======== Exercise input

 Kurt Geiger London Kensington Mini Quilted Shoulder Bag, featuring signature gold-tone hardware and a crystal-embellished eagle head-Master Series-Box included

================
======== Exercise input

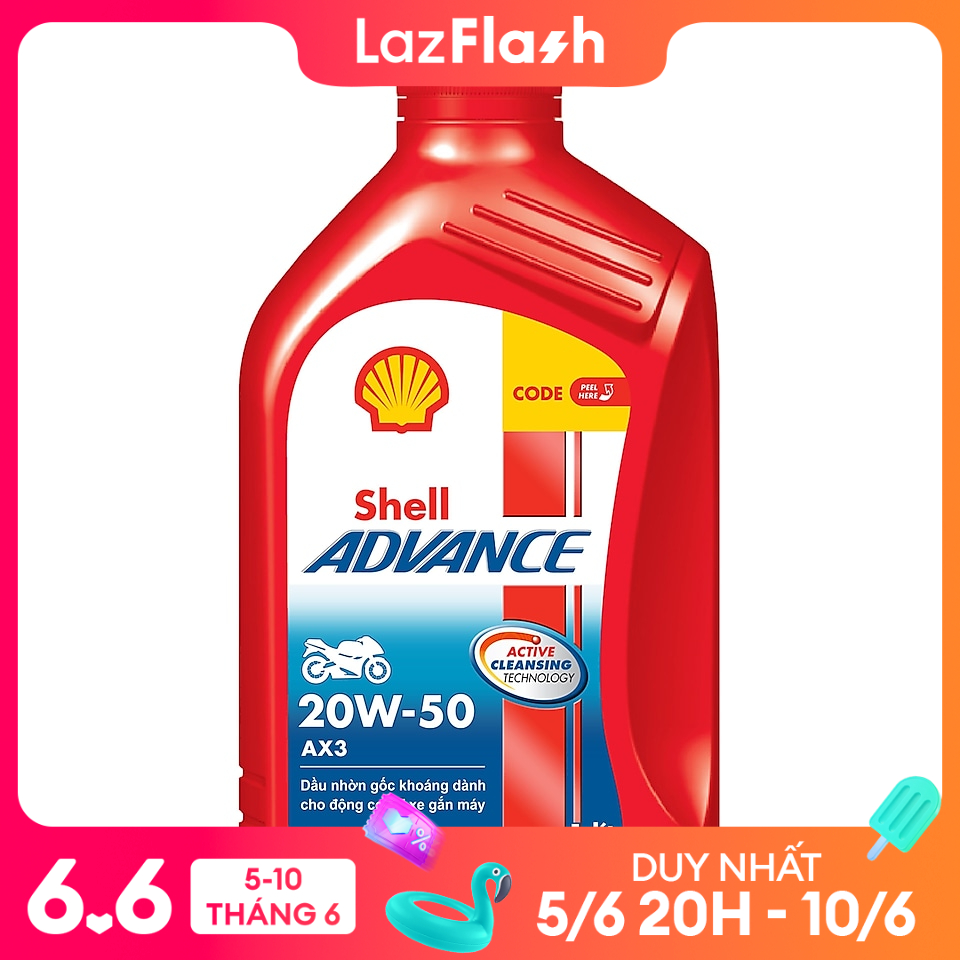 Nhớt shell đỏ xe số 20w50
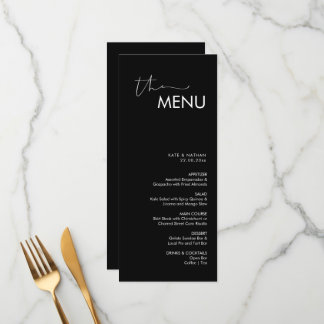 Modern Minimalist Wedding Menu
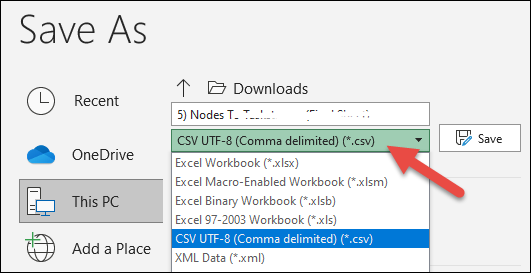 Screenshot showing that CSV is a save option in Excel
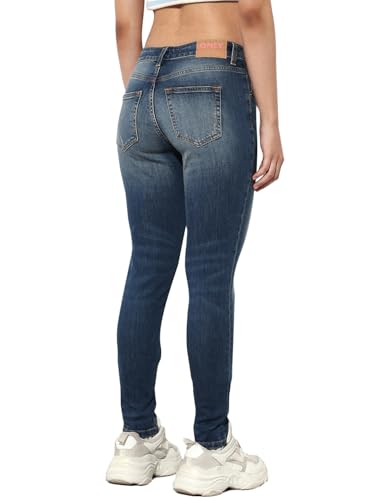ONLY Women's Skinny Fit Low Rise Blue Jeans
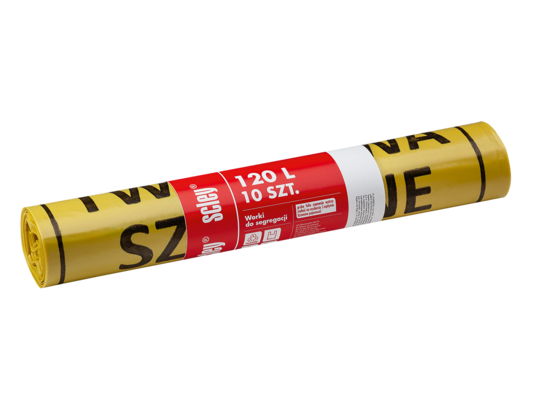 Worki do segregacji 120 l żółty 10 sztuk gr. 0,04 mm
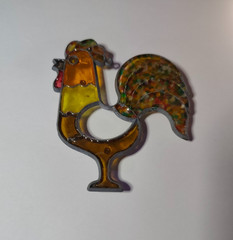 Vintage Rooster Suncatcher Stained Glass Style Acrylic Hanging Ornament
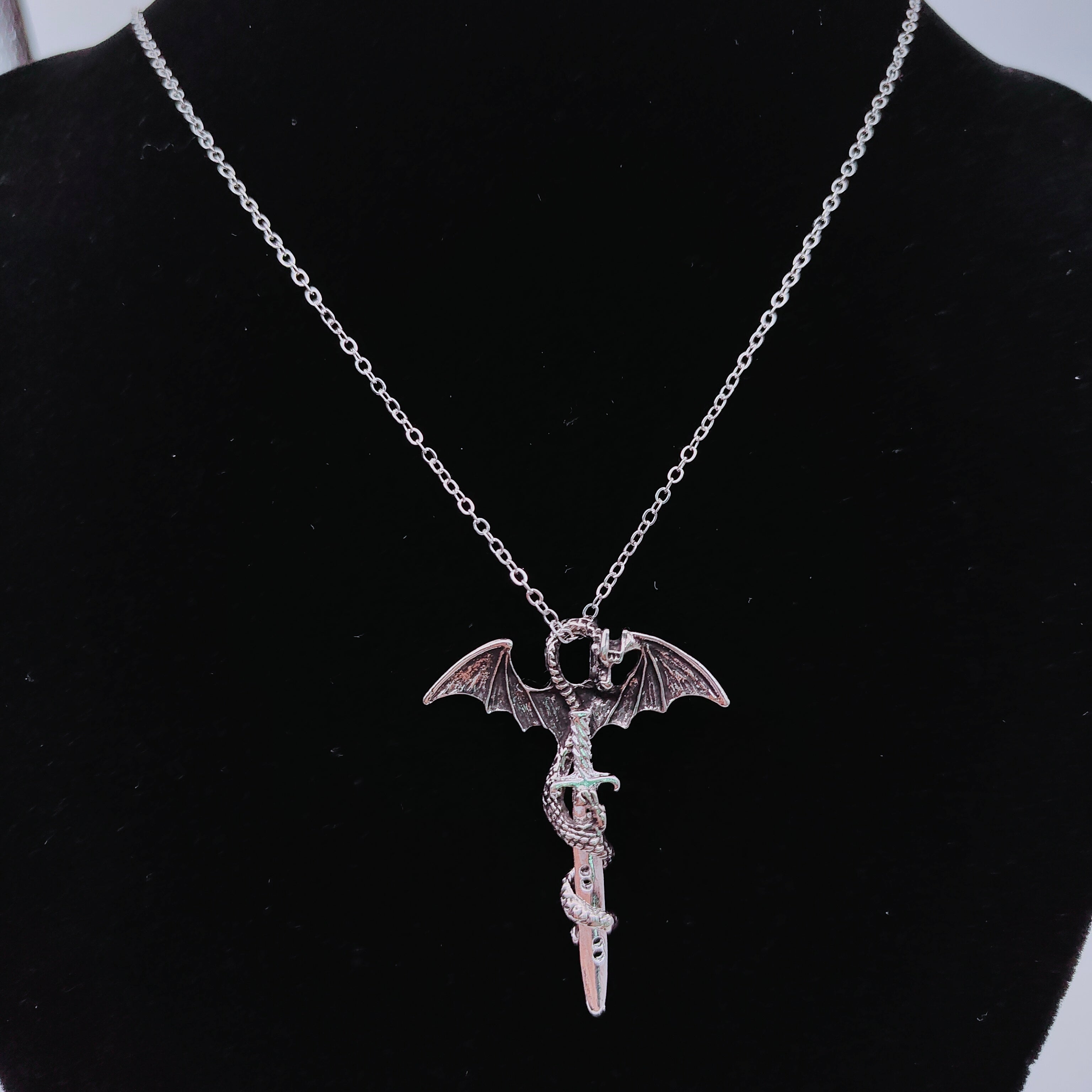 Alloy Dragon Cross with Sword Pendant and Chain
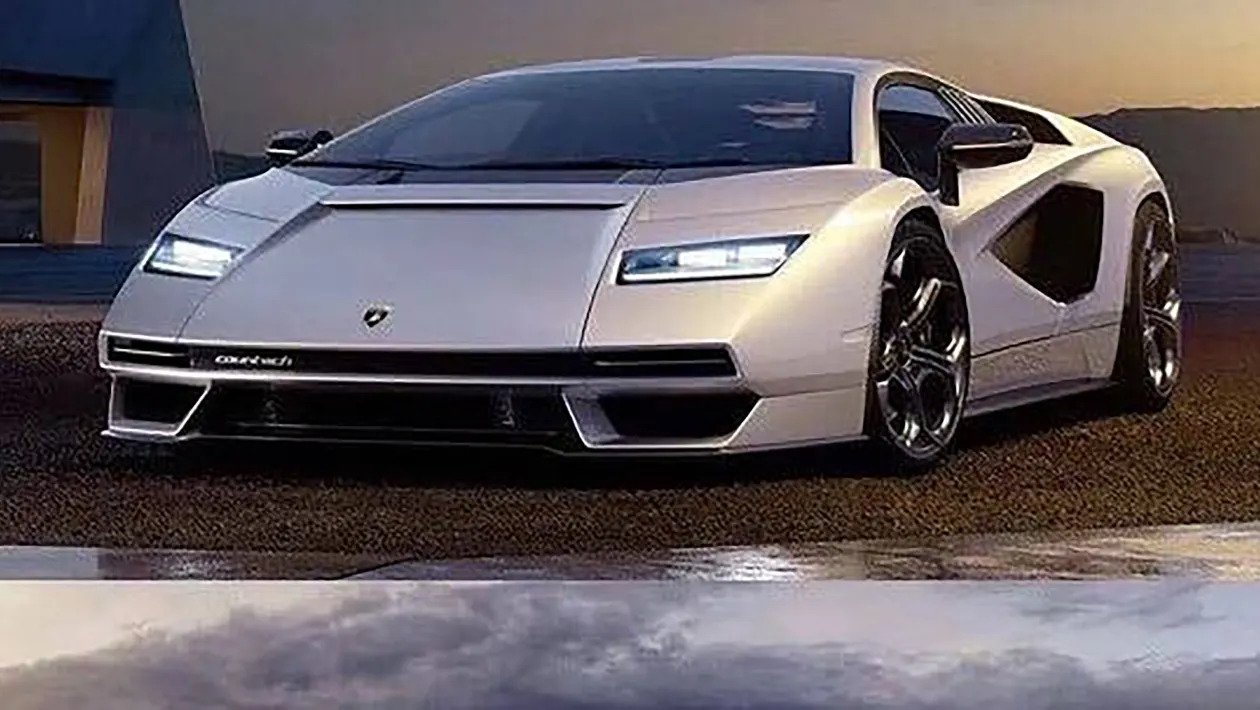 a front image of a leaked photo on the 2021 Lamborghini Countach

================

Output only the lines above from the one containing "Vintage Rooster Suncatcher" to the one containing "a front image", both included, exactly as written and with no pictures.

 Vintage Rooster Suncatcher Stained Glass Style Acrylic Hanging Ornament
 Alloy Dragon Cross with Sword Pendant and Chain
 a front image of a leaked photo on the 2021 Lamborghini Countach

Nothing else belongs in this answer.